## Problem
Every entry in the data below needs to be repeated exactly.

§

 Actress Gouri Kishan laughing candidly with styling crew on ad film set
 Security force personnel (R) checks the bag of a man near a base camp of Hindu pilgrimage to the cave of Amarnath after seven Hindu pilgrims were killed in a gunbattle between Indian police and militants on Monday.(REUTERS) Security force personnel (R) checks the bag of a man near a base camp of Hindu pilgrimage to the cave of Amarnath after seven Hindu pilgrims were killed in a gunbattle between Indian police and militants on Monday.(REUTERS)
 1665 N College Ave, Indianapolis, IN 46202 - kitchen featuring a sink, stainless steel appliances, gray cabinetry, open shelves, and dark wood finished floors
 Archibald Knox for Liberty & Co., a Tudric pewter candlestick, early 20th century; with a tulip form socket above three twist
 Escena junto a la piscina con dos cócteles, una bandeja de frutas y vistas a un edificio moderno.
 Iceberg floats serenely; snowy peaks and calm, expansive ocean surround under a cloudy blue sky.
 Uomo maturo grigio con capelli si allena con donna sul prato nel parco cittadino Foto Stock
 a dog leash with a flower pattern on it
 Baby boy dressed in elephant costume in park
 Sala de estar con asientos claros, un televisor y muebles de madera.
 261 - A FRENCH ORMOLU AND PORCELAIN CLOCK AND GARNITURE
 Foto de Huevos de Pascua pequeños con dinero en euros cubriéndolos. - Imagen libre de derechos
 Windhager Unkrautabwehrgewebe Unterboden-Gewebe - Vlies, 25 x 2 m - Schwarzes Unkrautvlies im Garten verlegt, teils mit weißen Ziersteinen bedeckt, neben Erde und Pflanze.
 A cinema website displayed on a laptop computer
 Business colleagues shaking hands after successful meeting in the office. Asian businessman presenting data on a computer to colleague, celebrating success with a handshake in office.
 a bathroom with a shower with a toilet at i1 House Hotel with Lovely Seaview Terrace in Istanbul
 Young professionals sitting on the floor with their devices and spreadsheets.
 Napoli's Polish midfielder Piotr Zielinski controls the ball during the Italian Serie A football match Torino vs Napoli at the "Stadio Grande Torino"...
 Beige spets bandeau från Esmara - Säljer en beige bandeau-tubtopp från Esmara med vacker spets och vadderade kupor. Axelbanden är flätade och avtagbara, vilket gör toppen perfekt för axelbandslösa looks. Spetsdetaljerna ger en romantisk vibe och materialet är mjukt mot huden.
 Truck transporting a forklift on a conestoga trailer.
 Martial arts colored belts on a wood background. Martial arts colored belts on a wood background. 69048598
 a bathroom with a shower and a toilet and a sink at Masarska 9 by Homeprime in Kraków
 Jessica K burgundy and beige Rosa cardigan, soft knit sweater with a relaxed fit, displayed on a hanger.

§

## Written answer
 Actress Gouri Kishan laughing candidly with styling crew on ad film set
 Security force personnel (R) checks the bag of a man near a base camp of Hindu pilgrimage to the cave of Amarnath after seven Hindu pilgrims were killed in a gunbattle between Indian police and militants on Monday.(REUTERS) Security force personnel (R) checks the bag of a man near a base camp of Hindu pilgrimage to the cave of Amarnath after seven Hindu pilgrims were killed in a gunbattle between Indian police and militants on Monday.(REUTERS)
 1665 N College Ave, Indianapolis, IN 46202 - kitchen featuring a sink, stainless steel appliances, gray cabinetry, open shelves, and dark wood finished floors
 Archibald Knox for Liberty & Co., a Tudric pewter candlestick, early 20th century; with a tulip form socket above three twist
 Escena junto a la piscina con dos cócteles, una bandeja de frutas y vistas a un edificio moderno.
 Iceberg floats serenely; snowy peaks and calm, expansive ocean surround under a cloudy blue sky.
 Uomo maturo grigio con capelli si allena con donna sul prato nel parco cittadino Foto Stock
 a dog leash with a flower pattern on it
 Baby boy dressed in elephant costume in park
 Sala de estar con asientos claros, un televisor y muebles de madera.
 261 - A FRENCH ORMOLU AND PORCELAIN CLOCK AND GARNITURE
 Foto de Huevos de Pascua pequeños con dinero en euros cubriéndolos. - Imagen libre de derechos
 Windhager Unkrautabwehrgewebe Unterboden-Gewebe - Vlies, 25 x 2 m - Schwarzes Unkrautvlies im Garten verlegt, teils mit weißen Ziersteinen bedeckt, neben Erde und Pflanze.
 A cinema website displayed on a laptop computer
 Business colleagues shaking hands after successful meeting in the office. Asian businessman presenting data on a computer to colleague, celebrating success with a handshake in office.
 a bathroom with a shower with a toilet at i1 House Hotel with Lovely Seaview Terrace in Istanbul
 Young professionals sitting on the floor with their devices and spreadsheets.
 Napoli's Polish midfielder Piotr Zielinski controls the ball during the Italian Serie A football match Torino vs Napoli at the "Stadio Grande Torino"...
 Beige spets bandeau från Esmara - Säljer en beige bandeau-tubtopp från Esmara med vacker spets och vadderade kupor. Axelbanden är flätade och avtagbara, vilket gör toppen perfekt för axelbandslösa looks. Spetsdetaljerna ger en romantisk vibe och materialet är mjukt mot huden.
 Truck transporting a forklift on a conestoga trailer.
 Martial arts colored belts on a wood background. Martial arts colored belts on a wood background. 69048598
 a bathroom with a shower and a toilet and a sink at Masarska 9 by Homeprime in Kraków
 Jessica K burgundy and beige Rosa cardigan, soft knit sweater with a relaxed fit, displayed on a hanger.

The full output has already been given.